Sometimes ‘healthy’ friends don’t understand why you often ‘can’t go’ or cancel on plans yet still want to be invited, or why you can’t keep up when they’re walking. They don’t understand why you’re always missing school, or they’ll be grossed out by dislocations; sometimes they won't believe that your pain is “really that bad”; they don’t often understand about mobility aids as “you were walking fine last week”.

 

When your friend also has EDS, you have a better understanding of each other. You get that sometimes they can’t go out, or that the pain is “that bad”; that doctors just don’t get it, and physiotherapy hurts pretty badly. They’ll understand yelling at your joints in frustration when they just won't stay in place; sporting so many braces and splints that you look like you were in a car accident.

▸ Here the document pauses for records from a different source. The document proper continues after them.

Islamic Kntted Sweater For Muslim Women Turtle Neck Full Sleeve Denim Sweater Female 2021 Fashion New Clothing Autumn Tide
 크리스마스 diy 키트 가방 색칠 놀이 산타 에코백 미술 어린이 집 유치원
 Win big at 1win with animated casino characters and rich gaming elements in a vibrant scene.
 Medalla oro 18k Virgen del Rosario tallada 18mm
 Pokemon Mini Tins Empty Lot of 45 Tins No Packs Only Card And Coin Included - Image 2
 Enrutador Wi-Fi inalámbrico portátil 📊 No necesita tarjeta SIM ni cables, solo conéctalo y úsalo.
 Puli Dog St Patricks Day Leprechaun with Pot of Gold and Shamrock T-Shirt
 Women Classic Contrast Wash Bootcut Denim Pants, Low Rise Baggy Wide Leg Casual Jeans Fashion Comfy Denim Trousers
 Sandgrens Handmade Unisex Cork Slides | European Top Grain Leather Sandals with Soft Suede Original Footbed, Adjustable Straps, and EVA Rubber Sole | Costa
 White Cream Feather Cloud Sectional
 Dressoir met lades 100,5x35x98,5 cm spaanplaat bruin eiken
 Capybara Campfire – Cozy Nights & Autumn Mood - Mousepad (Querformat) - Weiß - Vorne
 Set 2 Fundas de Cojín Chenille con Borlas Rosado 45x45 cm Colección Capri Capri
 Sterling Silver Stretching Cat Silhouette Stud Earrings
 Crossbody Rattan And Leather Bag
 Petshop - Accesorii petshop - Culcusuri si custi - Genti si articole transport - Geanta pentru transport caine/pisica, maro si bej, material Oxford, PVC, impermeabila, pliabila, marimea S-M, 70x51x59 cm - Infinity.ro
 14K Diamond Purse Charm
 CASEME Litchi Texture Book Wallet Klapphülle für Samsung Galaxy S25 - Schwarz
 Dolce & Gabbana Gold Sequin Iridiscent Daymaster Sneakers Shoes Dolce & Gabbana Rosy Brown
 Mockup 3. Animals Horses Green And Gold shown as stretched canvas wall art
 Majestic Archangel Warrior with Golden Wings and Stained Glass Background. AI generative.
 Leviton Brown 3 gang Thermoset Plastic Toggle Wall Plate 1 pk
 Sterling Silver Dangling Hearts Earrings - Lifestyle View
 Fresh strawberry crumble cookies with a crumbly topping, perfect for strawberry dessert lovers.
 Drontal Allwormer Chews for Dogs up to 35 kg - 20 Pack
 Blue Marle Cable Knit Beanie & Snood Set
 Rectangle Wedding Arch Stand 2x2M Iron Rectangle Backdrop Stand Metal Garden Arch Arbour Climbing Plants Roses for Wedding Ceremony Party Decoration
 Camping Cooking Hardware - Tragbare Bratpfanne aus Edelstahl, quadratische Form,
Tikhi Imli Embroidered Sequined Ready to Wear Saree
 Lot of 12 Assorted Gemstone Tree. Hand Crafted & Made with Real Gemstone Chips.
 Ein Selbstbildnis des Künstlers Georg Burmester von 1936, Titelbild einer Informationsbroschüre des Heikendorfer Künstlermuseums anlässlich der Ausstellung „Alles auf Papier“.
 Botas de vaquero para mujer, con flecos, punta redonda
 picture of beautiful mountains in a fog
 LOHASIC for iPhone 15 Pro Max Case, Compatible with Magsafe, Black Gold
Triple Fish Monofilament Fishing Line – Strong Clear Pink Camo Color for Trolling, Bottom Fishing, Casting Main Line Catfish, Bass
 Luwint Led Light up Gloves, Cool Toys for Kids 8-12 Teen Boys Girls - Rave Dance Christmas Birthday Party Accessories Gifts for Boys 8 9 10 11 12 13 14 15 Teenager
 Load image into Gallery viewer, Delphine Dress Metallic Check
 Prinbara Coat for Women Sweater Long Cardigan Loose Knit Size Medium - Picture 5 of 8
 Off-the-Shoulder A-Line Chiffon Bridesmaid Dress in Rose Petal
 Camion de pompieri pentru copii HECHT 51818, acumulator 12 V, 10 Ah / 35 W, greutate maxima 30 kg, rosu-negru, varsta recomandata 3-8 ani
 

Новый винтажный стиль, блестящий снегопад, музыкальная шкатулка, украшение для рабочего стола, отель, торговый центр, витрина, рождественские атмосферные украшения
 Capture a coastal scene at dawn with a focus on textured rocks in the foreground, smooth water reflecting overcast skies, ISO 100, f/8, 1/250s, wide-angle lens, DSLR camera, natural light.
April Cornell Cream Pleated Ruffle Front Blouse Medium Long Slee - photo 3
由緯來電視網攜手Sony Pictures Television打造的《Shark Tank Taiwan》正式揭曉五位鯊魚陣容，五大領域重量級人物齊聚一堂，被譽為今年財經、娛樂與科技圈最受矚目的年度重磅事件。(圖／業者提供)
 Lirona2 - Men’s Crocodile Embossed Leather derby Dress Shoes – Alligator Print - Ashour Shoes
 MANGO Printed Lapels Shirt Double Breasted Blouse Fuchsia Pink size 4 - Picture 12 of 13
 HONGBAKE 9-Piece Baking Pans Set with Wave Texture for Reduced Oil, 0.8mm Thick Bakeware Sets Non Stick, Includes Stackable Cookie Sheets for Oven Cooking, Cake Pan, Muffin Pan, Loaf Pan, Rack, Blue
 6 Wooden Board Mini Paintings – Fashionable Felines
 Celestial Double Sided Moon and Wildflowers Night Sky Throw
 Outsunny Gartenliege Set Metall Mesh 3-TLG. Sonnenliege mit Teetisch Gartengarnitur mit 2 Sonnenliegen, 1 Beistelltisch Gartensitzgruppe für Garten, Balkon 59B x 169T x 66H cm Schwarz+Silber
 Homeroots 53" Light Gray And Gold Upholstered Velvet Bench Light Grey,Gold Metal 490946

When it comes to the weird and the wonderful of EDS, they get it.

 

The support from EDS friends is so encouraging, and the competitive drive to be healthier and more mobile than each other is great motivation for keeping up physiotherapy. Sometimes doctors think it becomes a “who can be the sickest” contest; it’s the opposite really, but still very supportive. Doctors seem to believe that having a ‘disabled’ friend will make you more disabled and therefore having healthy friends is healthier. This is - well - it’s just not true! A healthy friend can be more disabling and isolating because they just don't get it.

 

A healthy friend’s belief that yoga or a fad diet that their friend’s second cousin’s uncle’s aunt’s great grandchild’s niece does, got better from doing, and will cure you, can be frustrating for both people involved. Frustrating for the friend because they think you aren't trying hard enough to get better and frustrating for you because they just don't get it. That amount of frustration doesn't tend to be the foundation for a supportive and lasting friendship.

 

Understanding, common interests, and support - these are the things to build a friendship on. It’s NOT a doctor’s place to disapprove of a friendship that has all these things, just because of a similar illness.

 

Whilst I'm not one to like my illness, I am grateful for the wonderful friends I’ve made because of it. Understanding, kind people, with depth, personality, and common interests, independent of our common illnesses. I am glad to have other friends with EDS.

  


Note from Michelle: It's good to have friends who understand; it's fine to have friends who also have EDS. However, it has to stay healthy. If the friendship becomes simply a place to air negative thoughts, and complain about how bad things are, then it's not going to be a healthy thing for long. We don't need to be surrounded by negative people - we need REAL people. Real people can usually see and express positives as well as negatives. Pity-parties aren't a great place to hang out, as I'm sure you've worked out. Don't get sucked into one by your friends.